MANILA (AFP) -
In a nation
with a famously raucous political scene, Rodrigo Duterte stands out as
one of the Philippines' most colourful, unorthodox and controversial
figures.
The longtime mayor of the southern city of Davao has
captivated Filipinos with vows of brutal but quick solutions to crime
and poverty, offering himself as a strongman capable of up-ending
politics as usual.
A lawyer and former state prosecutor who
briefly joined a communist organisation in his youth, the 71-year-old
has appalled many with foul-mouthed rants including calling the pope a
"son of a whore".
But while his outbursts dominated the headlines,
none dented his popularity -- even a joke that he wanted to rape a
"beautiful" Australian missionary who was killed in a 1989 Davao prison
riot.
His rollicking ride to the presidency in Monday's election
is testament to the appeal of an anti-establishment politician in a
nation sickened by entrenched corruption and the domination of the
economy by a few dozen elite families.
Duterte is also an
undoubtedly charismatic politician and natural story-teller, with his
street language and off-colour jokes enraging his opponents but
captivating audiences on the campaign trail in recent months.
He
has further burnished his populist credentials by always wearing jeans
and casual shirts in public, and shunning the traditional "barong" shirt
worn for formal occasions.
Duterte, a serial adulterer who admits
to having four children by four women including his estranged wife, has
always been a contentious character.
Jesuit priests expelled the
truant and under-achieving high schooler from the Ateneo de Davao
school, where he boasted he played basketball while his classmates pored
over books in the library.
Duterte, the son of a former
provincial governor, was forced onto the straight and narrow by a
disciplinarian teacher-mother who hailed from an indigenous Muslim group
in the southern Philippines.
But friends say his Catholic father,
a lawyer who migrated from the central Philippines to the rich farming
lands of the Muslim-majority south to seek better work opportunities,
was his role model.
Christian Filipinos from the northern and
central Philippines were encouraged by the government after independence
to migrate to the Mindanao region and establish homesteads, holding up
the region as a "land of promise".
As presidential rivals began
conceding defeat before dawn Tuesday, Duterte visited his parents'
mausoleum and sobbed unashamedly.
- 'Dictator in the making' -
The
young Duterte went to college in Manila, where Jose Maria Sison, the
now exiled founder of the country's deadly and long-running Communist
insurgency, became one of his teachers and inspired his flirtation with
the movement.
He studied to become a lawyer at the San Beda Law
School, and became a government prosecutor where he said he saw
first-hand the corruption that pervades all levels of Philippine
society.
He entered politics in 1986, after the fall of the dictator Ferdinand Marcos.
Ironically
he was initially appointed as caretaker vice mayor of Davao by the new
leader Corazon Aquino, mother of outgoing president and staunch Duterte
critic Benigno Aquino.
Aquino warned during the election campaign that Duterte was a dictator in the making but voters took little heed.
Duterte
has been mayor of Davao -- the third largest city in the Philippines
with a population of about two million -- for most of the past two
decades.
Like much of the rest of Mindanao, Davao was wracked by communist and Muslim insurgencies when he first came into office.
He
now has a reputation for transforming the city into one of the nation's
safest and most orderly, with smoking banned in public places and a
midnight curfew for drinking alcohol in public.

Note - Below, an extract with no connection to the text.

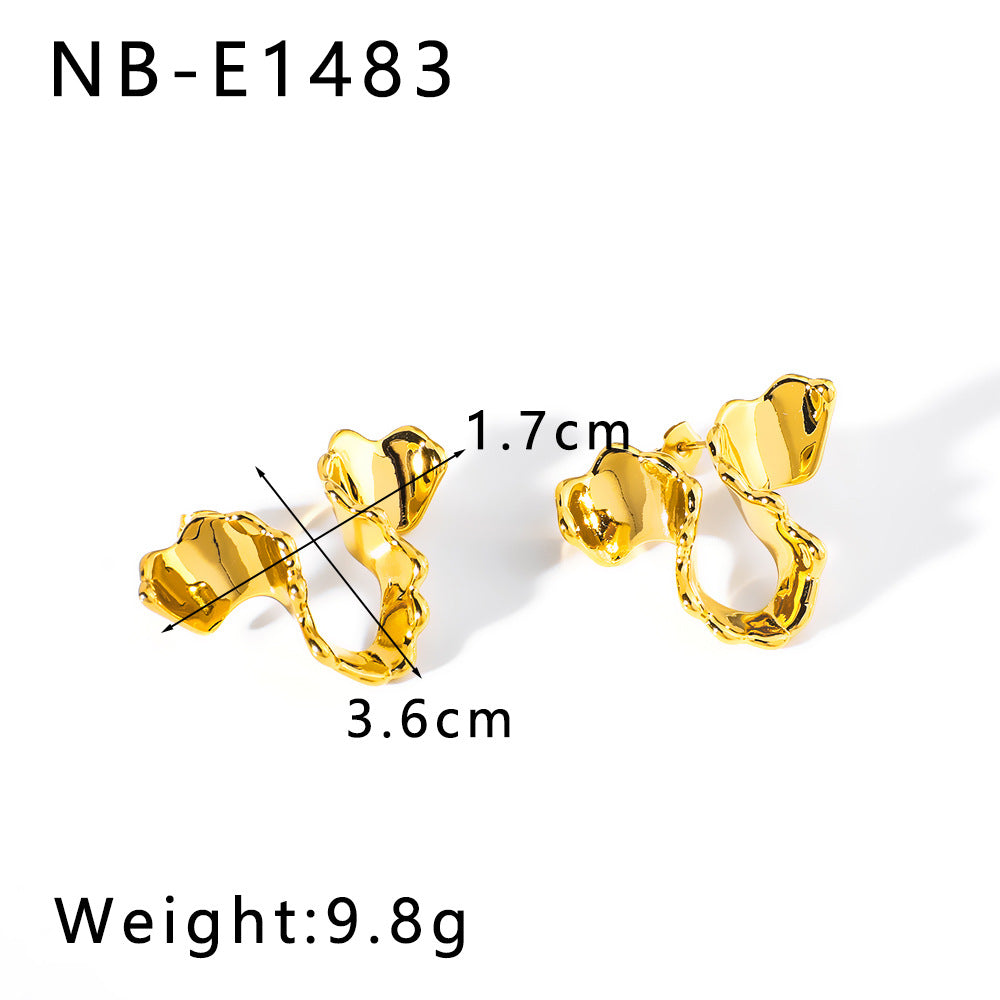 Wholesale  18K Gold Balloon Folded Hollow Round Earrings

However some of his other methods have been hugely controversial.
Duterte
is accused of running death squads -- made up of police, ex-communist
rebels and hired assassins -- that rights groups say have killed more
than 1,400 people, including children.
Duterte has at times boasted of leading the death squads and at other times denied any links.
But
on the presidential campaign trail, he vowed to clean up the rest of
the country using the same tactics as in Davao, and warned security
forces would be unleashed to kill tens of thousands of criminals.